Eylül’den itibaren maaşlarda problem yaşamaya başladık. Her defasında pandemi süreci bahane edildi ama ben de dahil diğer arkadaşlar bazı ayları parça parça aldık. Ama benim totalde hala 3 aya yakın alacağım mevcut. Diğer arkadaşlarda da aynı problemler devam etmekte. Buna rağmen öğretmen ve diğer personel olarak işe devam ettik.

Peki Sgk primleriniz aldığınız maaş üzerinden mi yatmaktadır?

Tabi ki de hayır. Özel okullarda genel olarak böyle bir şey maalesef olmuyor.

“OYALAMA İLE KARŞI KARŞIYAYIZ”

Bu sorunuzla ilgili okul yönetimi ne söylemektedir ve buna dair herhangi bir talebiniz ya da mücadeleniz oldu mu?

Okul yönetimi sürekli, aradığımızda ‘’haklısınız hocam ‘’ diyerek geçiştiriyor. Maaş ödemelerini sorduğumuzda sürekli topu birbirine atıyorlar. Zaten okul yönetimi dediğimiz kişiler aynı zamanda aile bireyleri yani okul aile şirketi bir nevi. Arkadaşlarımız sürekli aramasına rağmen ya telefonlara ya da mesajlara cevap vermediler. Verdiklerinde ise hep durumların kötü olduğuna dair şeyler söylendi ve bir aile olduğumuzu “bu durumu beraber atlatacağız” gibi sözler duyduk. Okul velileri bu durumdan haberdar ve bize okula taksitlerin yatırıldığını söylüyorlar. Sonrasında 5 arkadaş ve Sınıf Tavrından arkadaşlarla bir araya geldik. Birkaç görüşme yaptık ve okul yönetimiyle görüşüp, mücadele etme kararı aldık.

“EN BÜYÜK SORUN ÖRGÜTSÜZLÜĞÜMÜZ”

Kriz koşullarında eğitim emekçilerinin derinleşen sorunları ve çözümü hakkında ne düşünüyorsunuz?

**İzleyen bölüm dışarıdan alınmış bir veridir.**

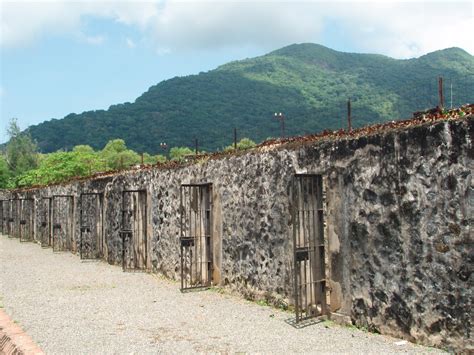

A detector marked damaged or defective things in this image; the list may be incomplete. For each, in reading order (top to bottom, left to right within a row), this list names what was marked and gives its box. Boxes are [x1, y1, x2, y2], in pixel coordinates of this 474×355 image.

Eğitim alanında özellikle özel sektörde eğitim emekçileri olarak bizler, sürekli mobinglerle, eksik prim ödemeleri, daha fazla mesai gibi durumlarla karşı karşıyayız. Krizin, her alanda olduğu gibi eğitim alanında da patronlar tarafından fırsata çevrildiğini düşünüyorum. Birçok alanda olduğu gibi eğitim emekçilerinin de aşması gereken en büyük sorun örgütsüzlüğü. Bu düzen aslında emekçileri yalnızlaştırarak çaresizleştirerek güçleniyor. Gücünü de buradan alıyor. Buna verilecek yanıt tekil mücadeleler olamaz. Olmuyor da zaten. O yüzden biz eğitim emekçileri de diğer alanlarda çalışan emekçiler de karşımızda ki örgütlülüğe aynı şekilde yanıt vermek için birleşmeli, mücadele etmeli ve kazanabileceğimizi göstermeliyiz. Krizin faturasını patronlar ödesin diyorsak bunun yolunun öncelikle bizlerin örgütlülüğünden geçtiğini de unutmamalıyız.